米国の相互関税が発効し韓国総合株価指数(KOSPI)2300ポイントを下回った9日午後、ソウルのハナ銀行本店ディーリングルームの電光掲示板に証券市場指標が表示されている。この日KOSPIは前営業日比1.74%安の2293.70、KOSDAQは2.29%安の643.39で取引を終えた。[写真 ニュース1]
中国が輸出品の関税負担を減らすために人民元切り下げに出て関税戦争が為替戦争に飛び火する兆しまでふくらんだ。人民元安はウォン安を伴うことが多い。海外市場で中国製品と競争する韓国の輸出品の価格競争力を落とす要因でもある。そうでなくても米国が輸出を増やすためにドル相場を下げる「第2のプラザ合意」を圧迫する可能性が出ている中で起きたものでひやひやする。昨日のウォン相場は1ドル=1484.10ウォンとなり金融危機以降で最安値水準を記録した。
関税戦争前にすでに気力の尽きた韓国経済はいま行き着くところまで行き着く危機に陥った。今年の韓国経済の見通しはますます冷え込んでいる。アジア開発銀行(ADB)はきのう今年の韓国の成長見通しを4カ月ぶりに0.5ポイント引き下げ1.5%に下方修正した。さらにJPモルガンが0.7%など一部投資銀行は0%台の成長を予想した。11月に予定された韓国のFTSE世界国債指数(WGBI)組み入れは来年4月に延期された。先進国の資金が流入するという期待感に冷や水を浴びせた。韓国国内の政治不安とは関係ないと韓国政府は説明するが後味はすっきりしない。

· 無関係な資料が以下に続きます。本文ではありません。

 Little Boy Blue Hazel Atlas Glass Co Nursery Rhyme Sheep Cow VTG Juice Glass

第2次トランプ政権発足後で初めて韓悳洙(ハン・ドクス)大統領代行とトランプ大統領が一昨日夕方に電話で会談した。遅くなったが幸いだ。訪米中である鄭仁教(チョン・インギョ)通商交渉本部長が関税協議に入ったが閣僚レベルの交渉は限界がある。欧州委員会のシェフショビッチ委員(通商担当)は米通商代表部(USTR)のグリア代表、ラトニック米商務長官と会ったが手ぶらで帰国した。これら長官に委任された交渉権限がなく最終決定権はトランプ大統領にだけあるためだ。

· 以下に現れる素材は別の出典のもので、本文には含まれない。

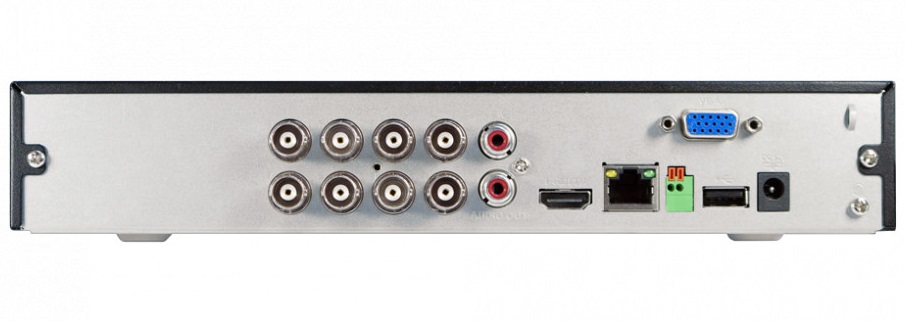 Видеорегистратор до 8х каналов BNC; 1 аудио; формат сигналов: HDCVI/CVBS/HDTVI/AHD/IP; резрешение записи 4K; H.265; Ethernet ; 1 SATA порт до 20Tб; 1 RS485; 2 USB2.0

トランプ大統領との交渉力を高めるためには韓国政府と政界・企業が声をそろえることが重要だ。過去に米国と通商交渉をした官僚らは後から銃を撃たれるのが最も辛かった吐露する。国境の前で政争はやめるべきという話は余計な話ではない。米国との交渉内容を政界と国民に常に透明に公開したメキシコの事例と、米国の無礼な攻撃を国民統合の契機にしたカナダの事例をしっかり参考にし、両国のように自由貿易協定(FTA)の枠組みの中で対応する案を模索すれば良い。韓国国民の知恵と力を総動員しなければ現在の危機を乗り越えるのは難しい。